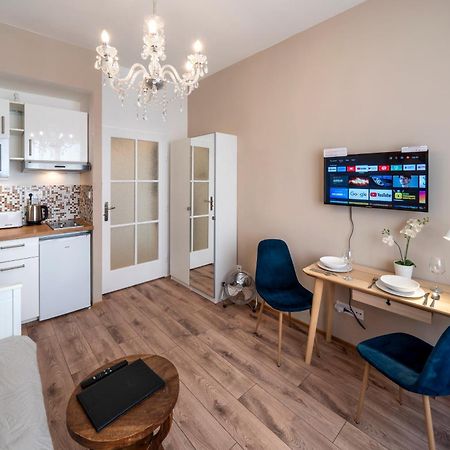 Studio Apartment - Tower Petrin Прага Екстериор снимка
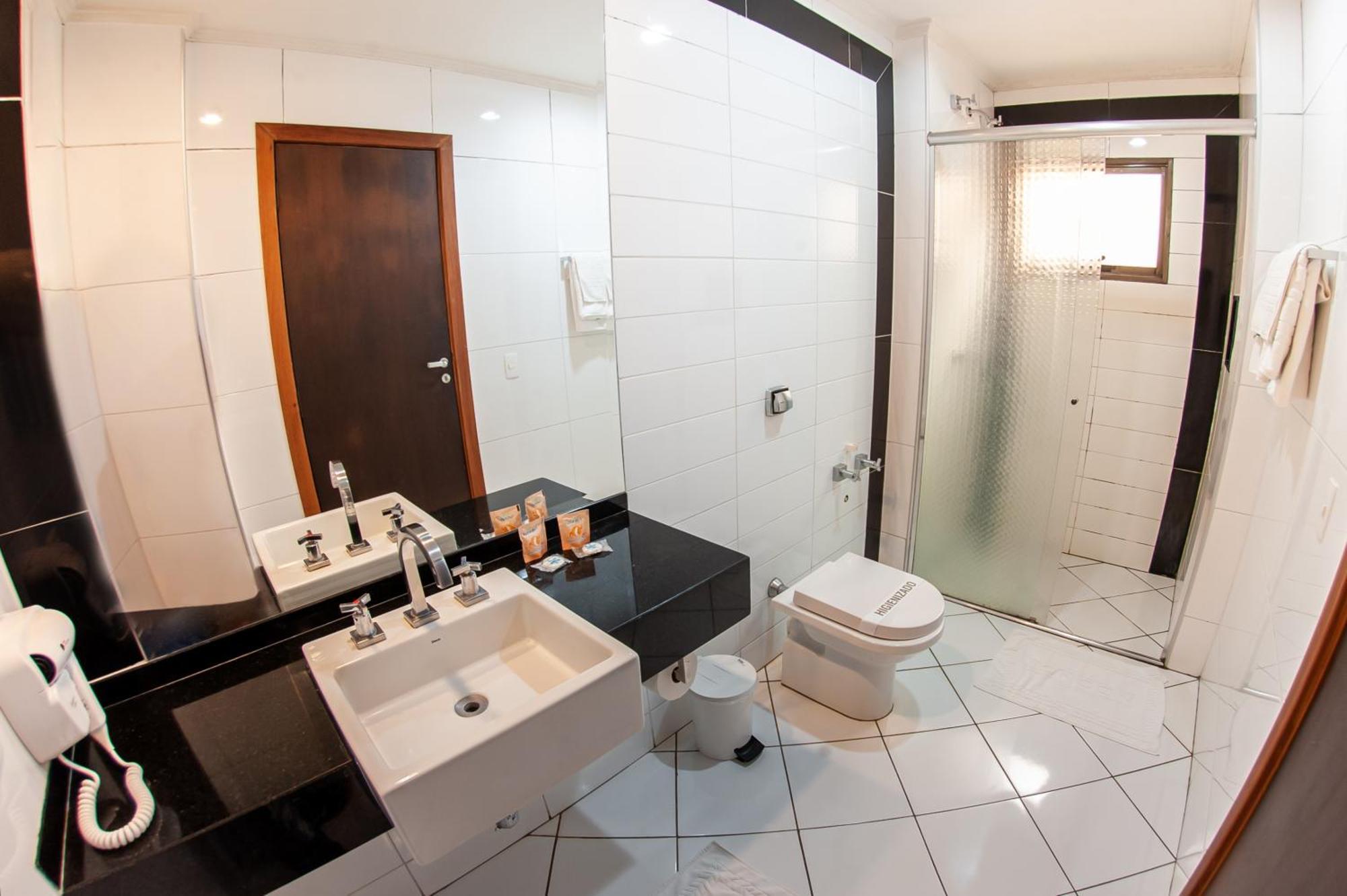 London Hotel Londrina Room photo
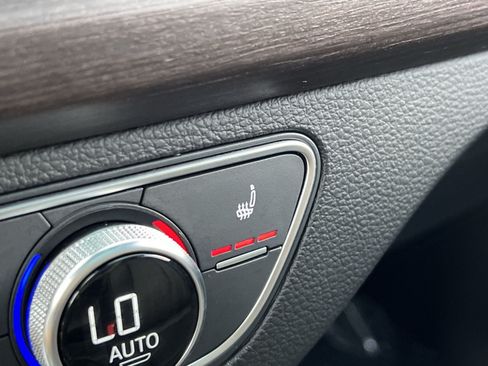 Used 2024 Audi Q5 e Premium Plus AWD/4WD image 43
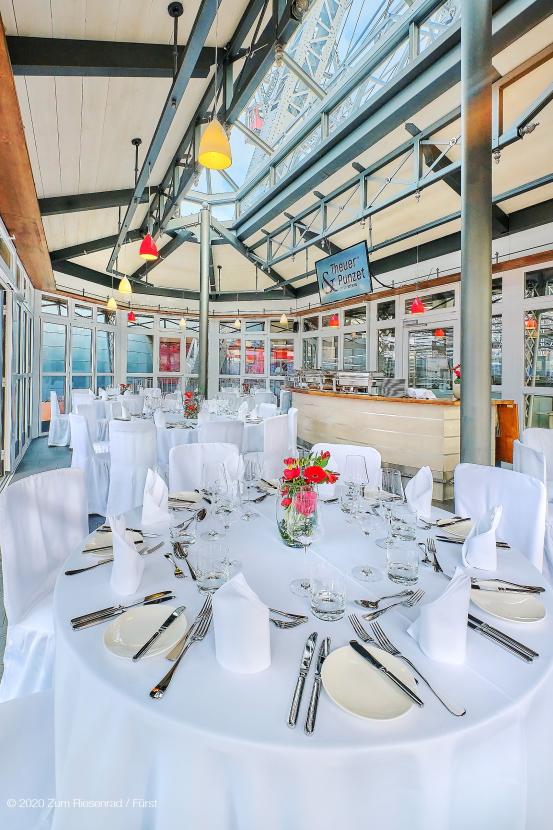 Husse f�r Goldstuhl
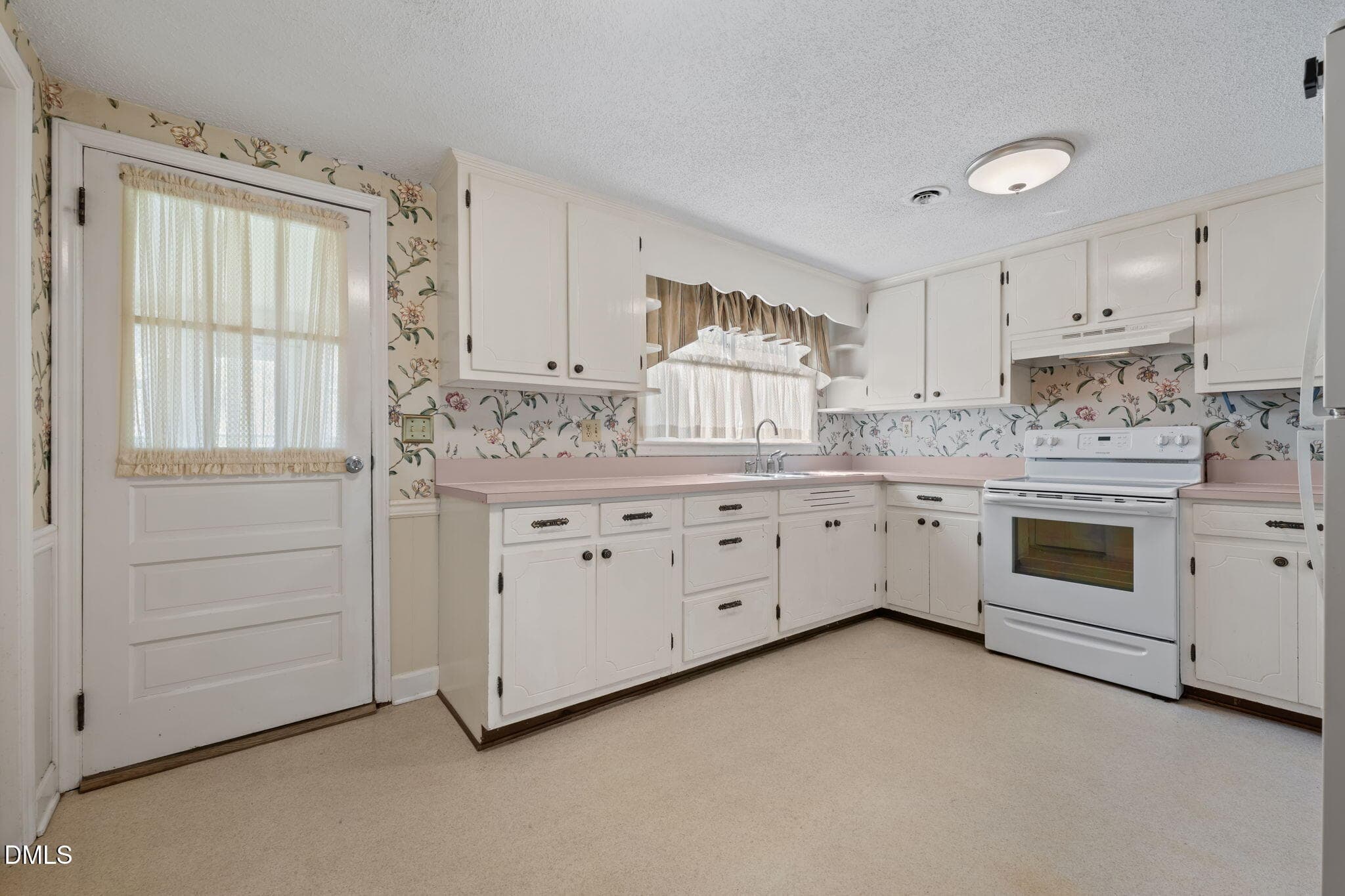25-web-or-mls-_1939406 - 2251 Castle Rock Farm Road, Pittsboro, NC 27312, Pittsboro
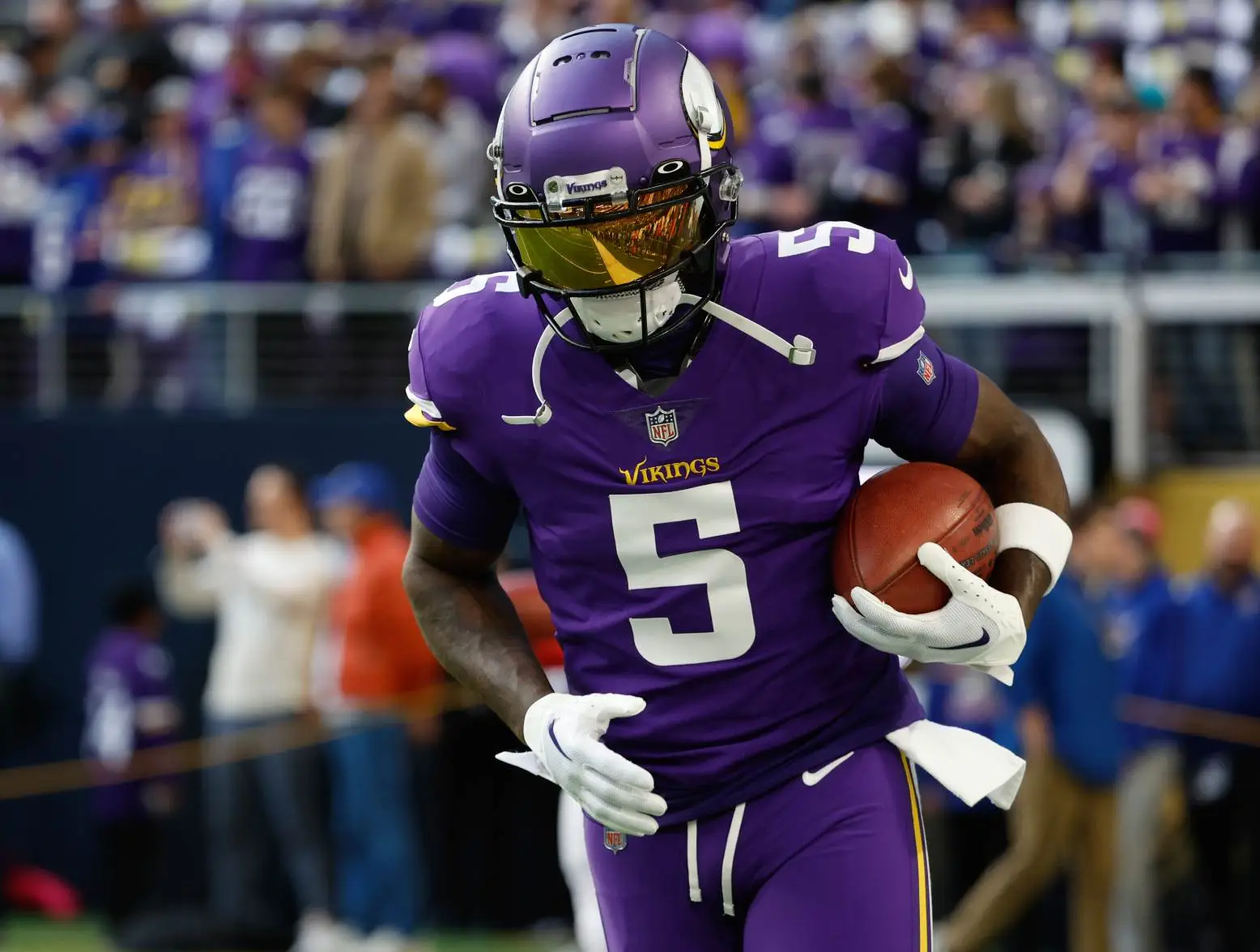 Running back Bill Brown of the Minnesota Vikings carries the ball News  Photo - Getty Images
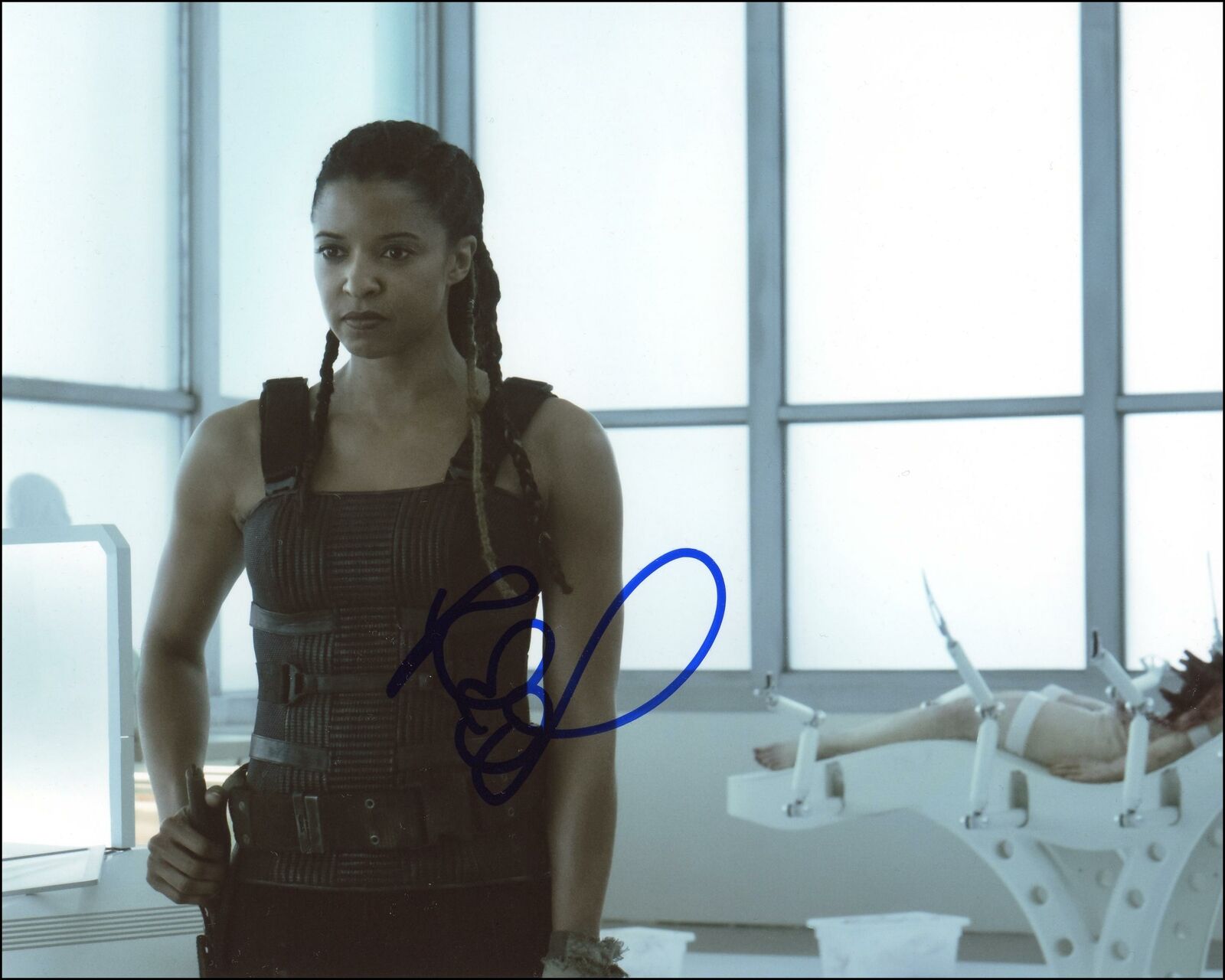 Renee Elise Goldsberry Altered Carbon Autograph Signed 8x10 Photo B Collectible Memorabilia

++++++++++++++++++++

- Your task
Set down every entry above without alteration, but print no images.

- Output
 Studio Apartment - Tower Petrin Прага Екстериор снимка
 London Hotel Londrina Room photo
 Used 2024 Audi Q5 e Premium Plus AWD/4WD image 43
 Husse f�r Goldstuhl
25-web-or-mls-_1939406 - 2251 Castle Rock Farm Road, Pittsboro, NC 27312, Pittsboro
 Running back Bill Brown of the Minnesota Vikings carries the ball News  Photo - Getty Images
 Renee Elise Goldsberry Altered Carbon Autograph Signed 8x10 Photo B Collectible Memorabilia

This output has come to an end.